Spesso il modello di alimentazione disturbata si ritrova nella famiglia d’origine. È molto comune che un genitore abbia lottato a lungo per il controllo del peso e si sia sottoposto a diete; ciò ha numerose conseguenze tra le quali la principale è un effetto di modellamento sulla figlia che imita direttamente il comportamento del genitore.

E’ probabile che le ragazze con DCA abbiano madri con forte tendenza alla magrezza, paure relative all’immagine corporea e comportamenti bulimici frequenti. Alcune ricerche hanno dimostrato che le madri delle bulimiche hanno un peso corporeo inferiore rispetto alle madri di ragazze che non soffrono di DCA. Tuttavia, un trascorso di anoressia o bulimia nervosa in un genitore non determina necessariamente il disturbo nella figlia, specialmente se il genitore ha raggiunto la guarigione, risolvendo le proprie difficoltà legate al cibo e all’immagine corporea. Le ricerche di Minuchin hanno individuato la presenza, nelle famiglie con problemi di anoressia, di quattro modelli di interazione disfunzionale: invischiamento, iperprotettività, evitamento del conflitto, rigidità.

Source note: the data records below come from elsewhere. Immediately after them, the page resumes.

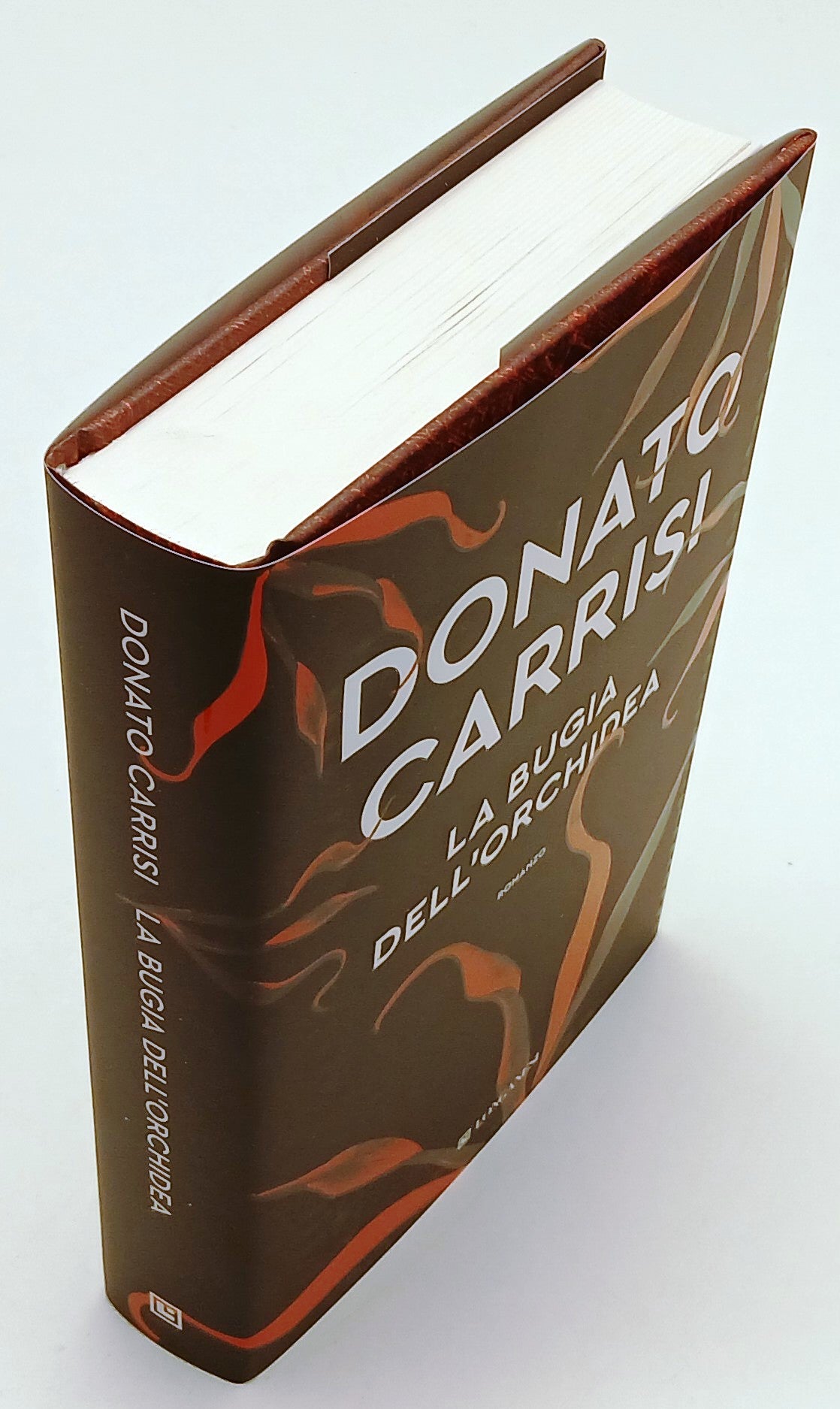La bugia dell'orchidea- Donato Carrisi- Longanesi La Gaja scienza- 1a ed.- YPL64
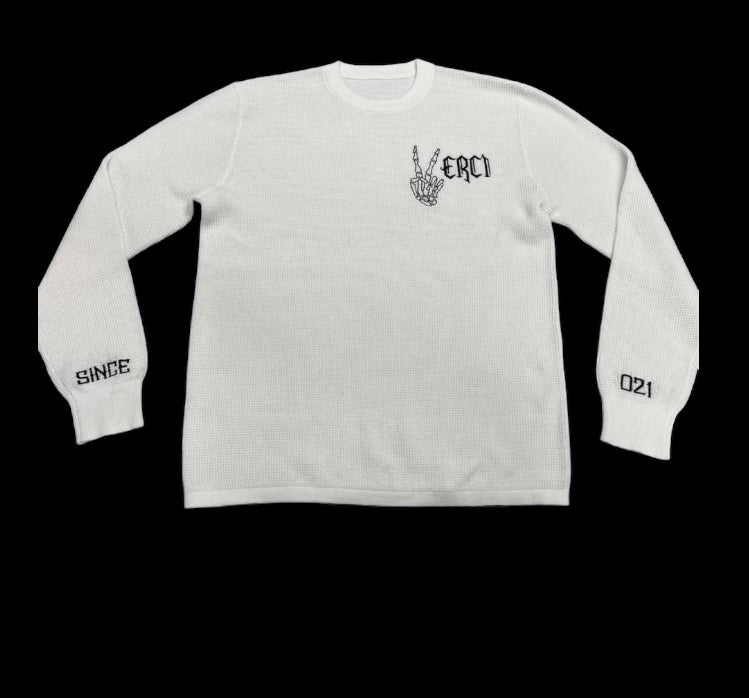 Waffle long sleeve shirt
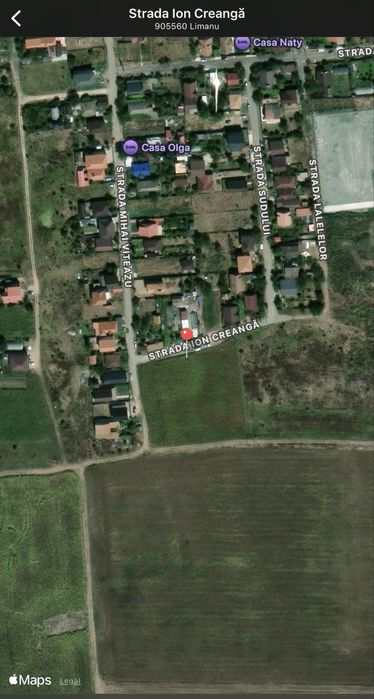 Teren 751mp in 2 Mai iesirea spre Vama Veche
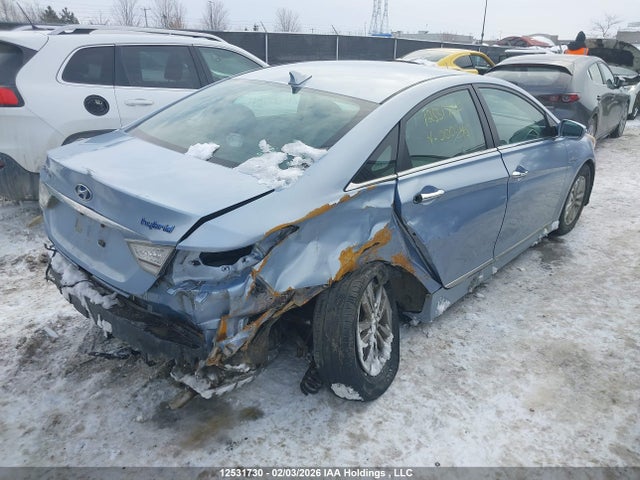 Aukcja sprzedaży 2011 Hyundai Sonata Hybrid Hybrid, vin: KMHEC4A41BA000345, numer aukcji: 12531730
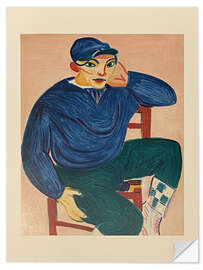 Wandsticker Junger Matrose, 1906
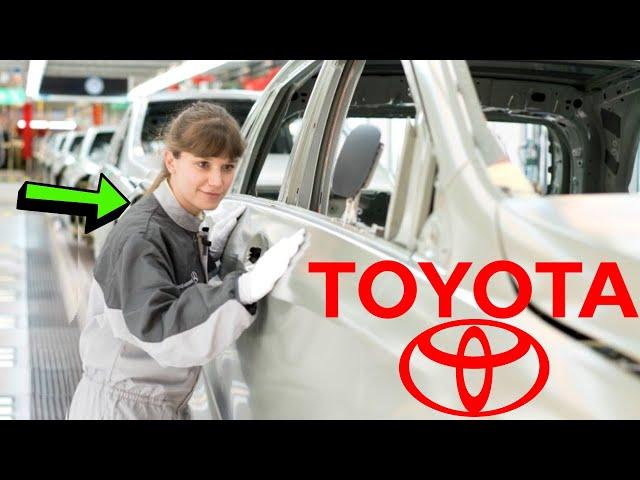 TOYOTA PRODUCTION2024: Manufacturing Prius, Avalon, Camry, Corolla, RAV4, Sequoia, Sienna, C-HR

Sono tante conseguenze che i DCA hanno sulla vita della persona: isolamento sociale che impedisce il funzionamento normale della persona, conseguenze fisiche di vario genere come ad esempio difficoltà gastrointestinali, osteoporosi e difficoltà a vivere serenamente momenti conviviali in compagnia.

I DCA essendo patologie psichiatriche necessitano di un percorso di cura ben strutturato svolto da un equipe multidisciplinare con psichiatra, medico nutrizionista, psicoterapeuta. Per questa malattia ci sono vari livelli di cura: ambulatoriale, semi residenziale, residenziale, ospedaliero.

La comunità “Lo Specchio” di Iglesias in Sardegna, è l'unica struttura in Italia residenziale e semi residenziale terapeutico riabilitativa, convenzionata con il Servizio Sanitario Nazionale (SSN), specializzata nella cura e nella riabilitazione di coloro che sono affetti sia da dipendenza alimentare che da dipendenza patologica. Il Dott. Leonardo Mendolicchio, Medico Psichiatra, Psicanalista uno dei maggiori esperti di DCA in Italia, Responsabile U.O.C. Riabilitazione DCA dell’Istituto Auxologico italiano di Piancavallo, da quest'anno ricopre il ruolo di Direttore scientifico di questa comunità ed ha strutturato, insieme al team di professionisti all'interno di questa comunità, un protocollo innovativo per la contestuale cura di entrambe le comorbilità.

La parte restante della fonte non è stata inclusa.